Health studies should be more than do-it-yourself curriculum

Students interested in public health may have had a tough time looking for classes this year. Squeezed between psychology and religious studies, the short blurb on public health wasn’t even long enough to merit a page marker for perusing bluebookers. While the administration is making progress with expanding public health-related courses on campus, Yale can and should move more quickly in establishing an interdisciplinary health studies major for undergraduates.

The idea for an interdisciplinary major in health is not new. In 2003, the Committee on Yale College Education Report stressed the importance of creating such a major in order to prepare students to think critically about pressing national and international health challenges. In 2000, Harvard University began to offer a certificate in health policy as a kind of second major for interdisciplinary health study. And about 30 years ago, Johns Hopkins University created an independent public health major, which is now the third most popular at that school.

Student support for a health studies major is as strong as ever. In the spring of last school year, more than 100 Yale students signed a petition urging the creation of a health studies major, and the Yale College Council passed a resolution to that effect.

Yet despite competition from peer institutions and pressure from undergraduates, the progress of the health studies major has been slow. A couple of health studies-related courses were added this year, and a Web site was created to help students find such courses, but serious talk about — and funding for — a full undergraduate major lags behind.

Of course, for students overwhelmed by the impressive number of courses Yale offers this shopping period, the addition of a health studies major may seem at best redundant and at worst more confusing for those contemplating the “major” decision.
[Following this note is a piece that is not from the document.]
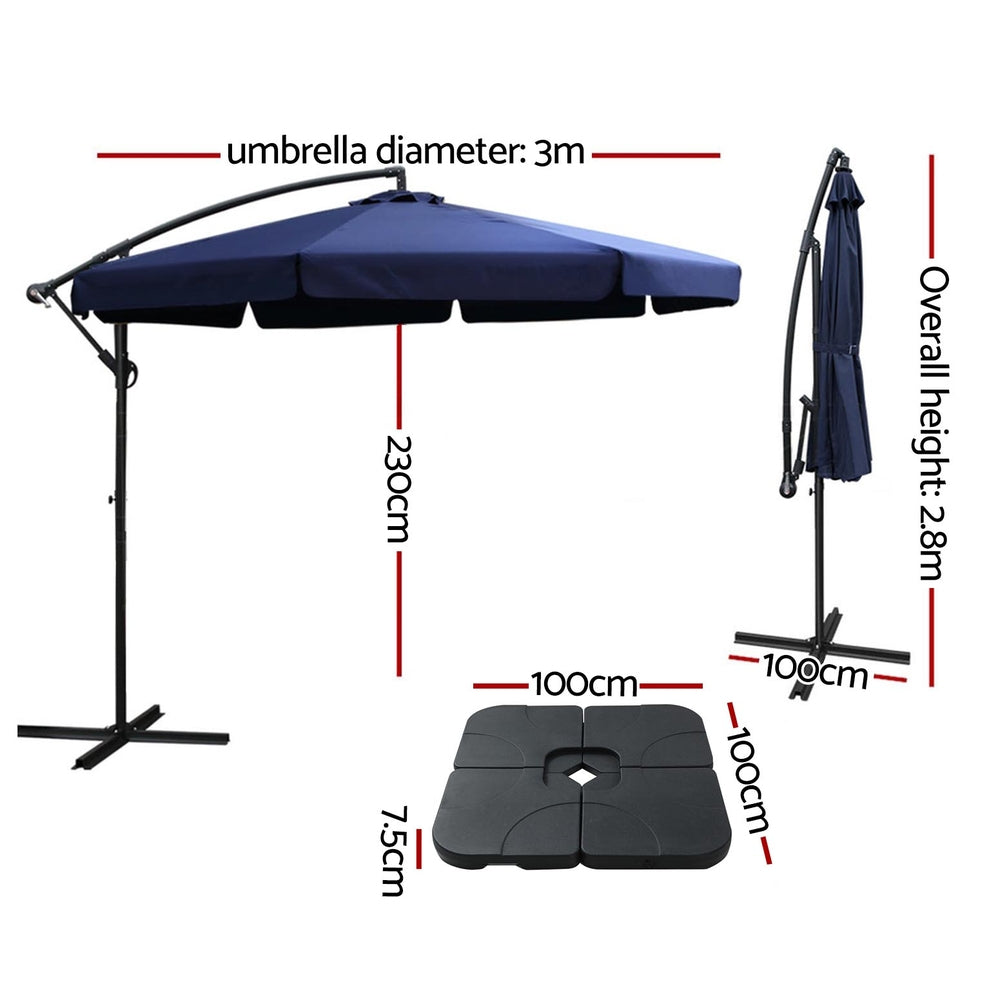 3m Outdoor Umbrella w/Base Cantilever Garden Beach Patio Navy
Indeed, Yale’s current offerings of health studies offer substantial education for interested students, and recent effort to make these courses more accessible through a new health studies Web site is laudable. But without the direction of a formal program, much of that potential interest is lost.

The Yale College Programs of Study defines a major as “a number of courses in the same area,” but in reality, a major is much more. In addition to providing resources for advising and advanced study, a major is a launching pad for our liberal arts education. By studying a subject we care about in depth, we can sharpen our skills and broaden our horizons. Recognizing the fact that majors can and should transcend disciplines, Yale already offers numerous interdisciplinary programs, such as international studies for students interested in global issues and cognitive science for students interested in the brain. Unfortunately, there remains no centralized undergraduate program dedicated to the study of health.
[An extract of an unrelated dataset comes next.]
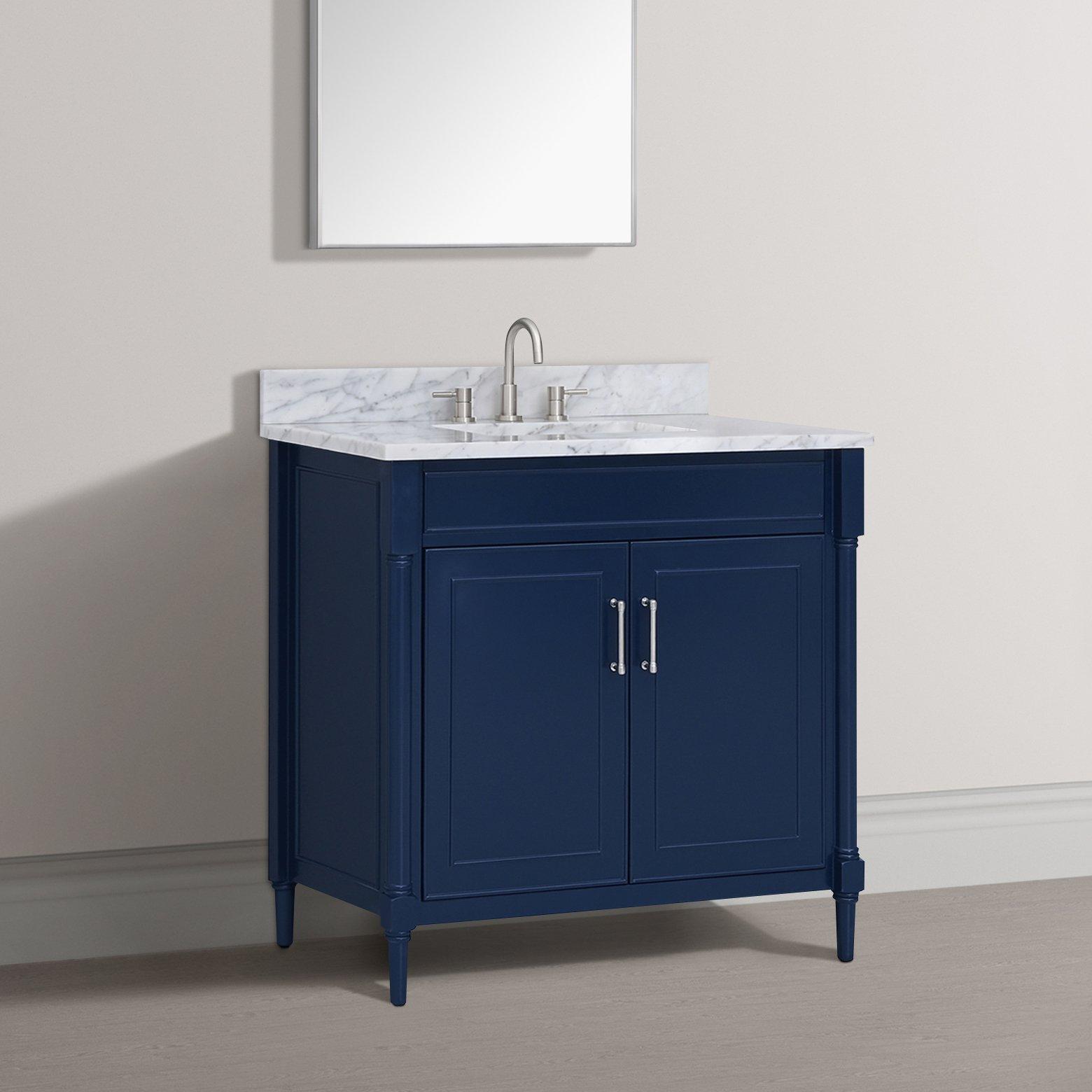 36 Navy Blue Single Sink Vanity Cabinet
Recognizing this gap in the University’s programs of study, some faculty and administrators have been working on adding a health studies major, but the process is anything but easy. To meet Yale’s high standards, a new major requires a solid curriculum, plenty of course offerings and strong faculty to lead the program. In University parlance, this would be called “redirecting resources” and “change to the status quo,” either of which can mean “not in our lifetimes.” While no one questions the need to create a high-quality program, we also know that in a place that took 300 years to add soap to the bathrooms, such change doesn’t come cheap.

During this time of balancing conflicting classes and changing class schedules, it’s easy for students to give in to the status quo. Hopefully, the market metaphor “shopping period” can provide a different sort of inspiration. Like it or not, higher education is driven by a kind of supply and demand. If we students demand a more rigorous interdisciplinary study in health, we will get it.

At this year’s freshman address, Yale College Dean Peter Salovey delivered a powerful speech titled “Thinking in New Ways.” Perhaps it’s time that we all started thinking outside the Blue Book to imagine what our education can become.

Robert Nelb is a junior in Timothy Dwight College.